31Contrairement à la pratique du confiage qui se réalise à des âges très jeunes et qui relève quasi systématiquement de la décision des adultes – parents ou membres de la famille –, la migration de travail intervient au seuil de l’adolescence et relève d’une décision individuelle, non imposée par la famille. Elle est devenue une étape quasi obligatoire de l’entrée dans la jeunesse des filles, et les rares femmes qui n’ont pas expérimenté cette forme de mobilité ont d’autant plus de mal à l’accepter (encadré 1) (Hertrich et al., 2012).
32À travers les récits recueillis, les expériences de confiage dans l’enfance se traduisent ordinairement par la participation des filles aux travaux domestiques ; elles sont d’ailleurs parfois, dès le départ, explicitement motivées par un besoin de main-d’œuvre. Mais elles se différencient cependant nettement des migrations urbaines de travail des filles employées comme domestiques, expériences qui se caractérisent par des modalités de placement, des conditions, un environnement et un rapport social de travail, et surtout un mode de rétribution spécifiques.

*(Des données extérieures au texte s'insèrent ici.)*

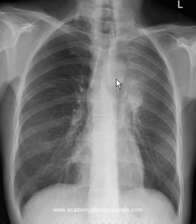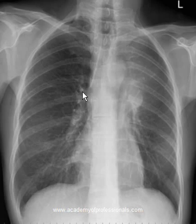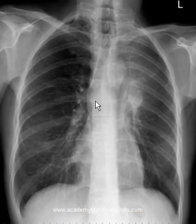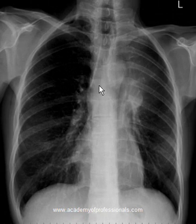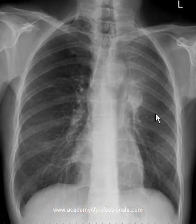The left hilum is slightly raised. Remember, the highest point in the left hilum is the left pulmonary artery, which is obviously not visible in this area. On the right side, the highest point in the right hilum is the right main bronchus. This is the right main bronchus, this is the left main bronchus, and this is the angle of carina here.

33Alors que les déplacements des filles sont le plus souvent associés à une mise au travail, les trajectoires migratoires des garçons dans l’enfance et l’adolescence présentent une plus grande diversité, du fait notamment de la part plus importante prise par l’école, soit directement dans le cadre de migrations scolaires, soit indirectement à l’occasion d’un confiage (figure 5). Les migrations de travail vers la ville restent toutefois toujours prédominantes dans le parcours des garçons, et pas nécessairement vécues comme des expériences concurrentes à l’école mais plutôt comme une autre forme d’éducation (encadré 2).
34Concernant les pratiques de confiage, les récits de vie recueillis donnent à voir les difficultés que peut parfois provoquer la séparation familiale associée au placement d’un enfant. Dans le souvenir qu’elles et ils ont reconstruit – parfois des décennies plus tard – de cette expérience vécue dans leur enfance, plusieurs femmes et hommes ont ainsi souligné les peurs, les manques affectifs ou de soins, les problèmes relationnels ou encore le sentiment de vulnérabilité accrue en l’absence de leurs parents biologiques. Ces ressentis ont été exprimés par les enquêté-e-s des deux sexes, à travers des récits parfois détaillés, avec des exemples ou des descriptions de leurs émotions, ou au contraire dans des formulations beaucoup plus elliptiques, se référant notamment à des schèmes relationnels généralistes sur les interactions enfants/ parents/tuteurs : « Ce n’est pas la même chose de vivre avec tes parents de sang, qu’être avec tes parents familiaux, c’est différent » (Omihan, née à la fin des années 1970 et confiée à l’âge de 10 ans pour plusieurs années.)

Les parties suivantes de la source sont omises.